Jeff Stack of the Mid-Missouri Fellowship of Reconciliation commented that “taking troops out of Afghanistan is a good step” but condemned “the war of sanctions” that is leading to widespread starvation in Afghanistan.
“The first lethal drone strike in history occurred in Afghanistan on Oct. 7, 2001, when the CIA identified Taliban leader Mullah Omar, ‘on the 98 percent probability it was he,’ but the Hellfire missile launched by a Predator drone killed two unidentified men while Mullah Omar escaped,” said Terrell. And the war supposedly ended 20 years later, with the fatal drone strike that killed the Ahmadi family on Aug. 29. In between those 20 years, thousands of innocent civilians were killed, Terrell said.

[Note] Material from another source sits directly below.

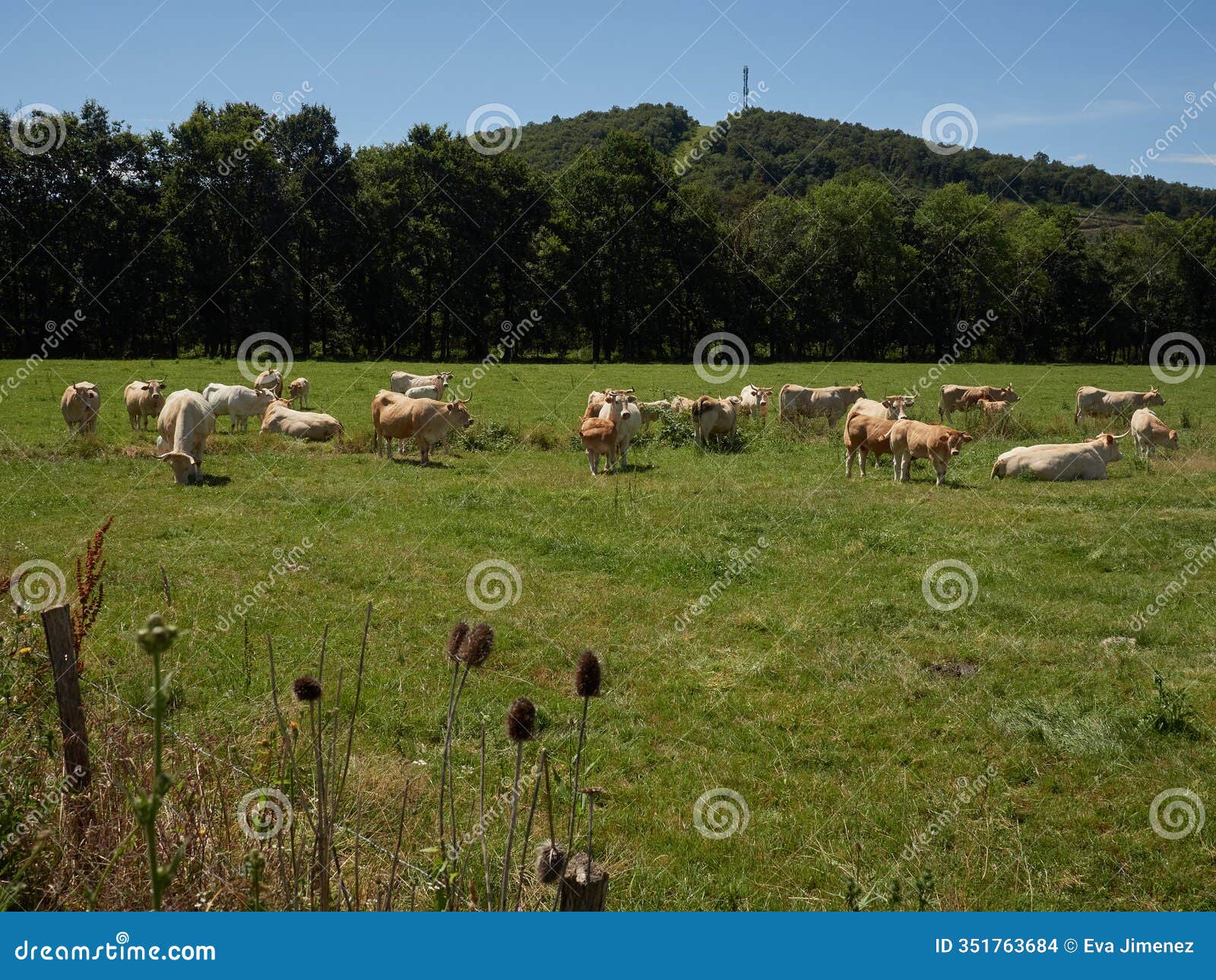 herd of cattle grazing in a lush meadow near landa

One relative of the Ahmadi family, Terrell reported, said, “America is the killer of Muslims in every place and every time; I hope that all Islamic countries unite in their view that America is a criminal.” Another mourner, said Terrell, noted, “We’re now much more afraid of drones than we are of the Taliban.”
Gen. Stanley McChrystal, who was commander of US and NATO forces in Afghanistan, openly stated in 2010 that “for every innocent person you kill, you create 10 new enemies,” said Terrell.
No, the war in Afghanistan is not over.
Terrell shared words from Rabbi Abraham Joshua Heschel in 1972: “Morally speaking, there is no limit to the concern one must feel for the suffering of human beings. Indifference to evil is worse than evil itself, [and] in a free society, some are guilty, but all are responsible.” Terrell reflected, “All of us in the US, the politicians, voters, taxpayers, investors, and even those who protested and resisted it, are responsible for 20 years of war in Afghanistan. We are also all responsible for ending it.”
—Mary Hladky, the mother of a veteran, serves as vice chair of the PeaceWorks-KC Board.